TASK ITEM> Repeat the listing word for word. No pictures belong in the copy.

COLLECTED DATA>
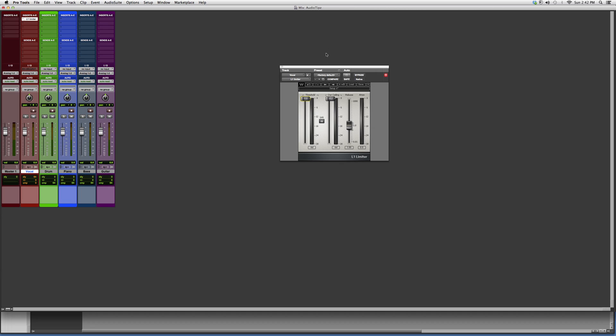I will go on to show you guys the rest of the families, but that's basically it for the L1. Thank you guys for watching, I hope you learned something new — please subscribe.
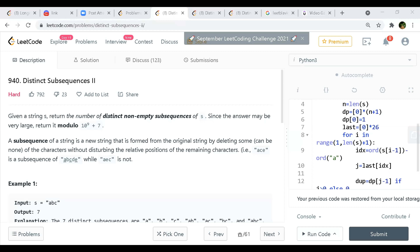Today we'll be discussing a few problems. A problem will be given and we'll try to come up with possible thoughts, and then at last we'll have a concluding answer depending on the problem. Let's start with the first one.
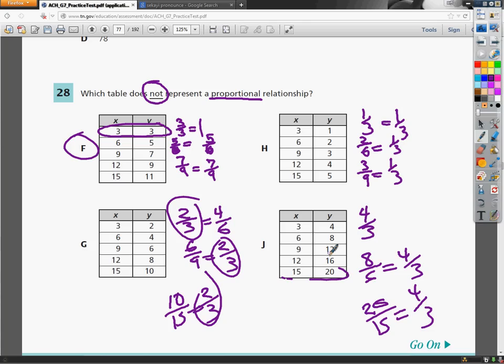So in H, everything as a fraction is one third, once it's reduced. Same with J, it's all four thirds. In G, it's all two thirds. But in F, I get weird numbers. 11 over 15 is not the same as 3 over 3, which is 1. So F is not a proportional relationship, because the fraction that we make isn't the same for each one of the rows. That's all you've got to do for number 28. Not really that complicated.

EXERCISE RESPONSE>
I will go on to show you guys the rest of the families, but that's basically it for the L1. Thank you guys for watching, I hope you learned something new — please subscribe.
Today we'll be discussing a few problems. A problem will be given and we'll try to come up with possible thoughts, and then at last we'll have a concluding answer depending on the problem. Let's start with the first one.
So in H, everything as a fraction is one third, once it's reduced. Same with J, it's all four thirds. In G, it's all two thirds. But in F, I get weird numbers. 11 over 15 is not the same as 3 over 3, which is 1. So F is not a proportional relationship, because the fraction that we make isn't the same for each one of the rows. That's all you've got to do for number 28. Not really that complicated.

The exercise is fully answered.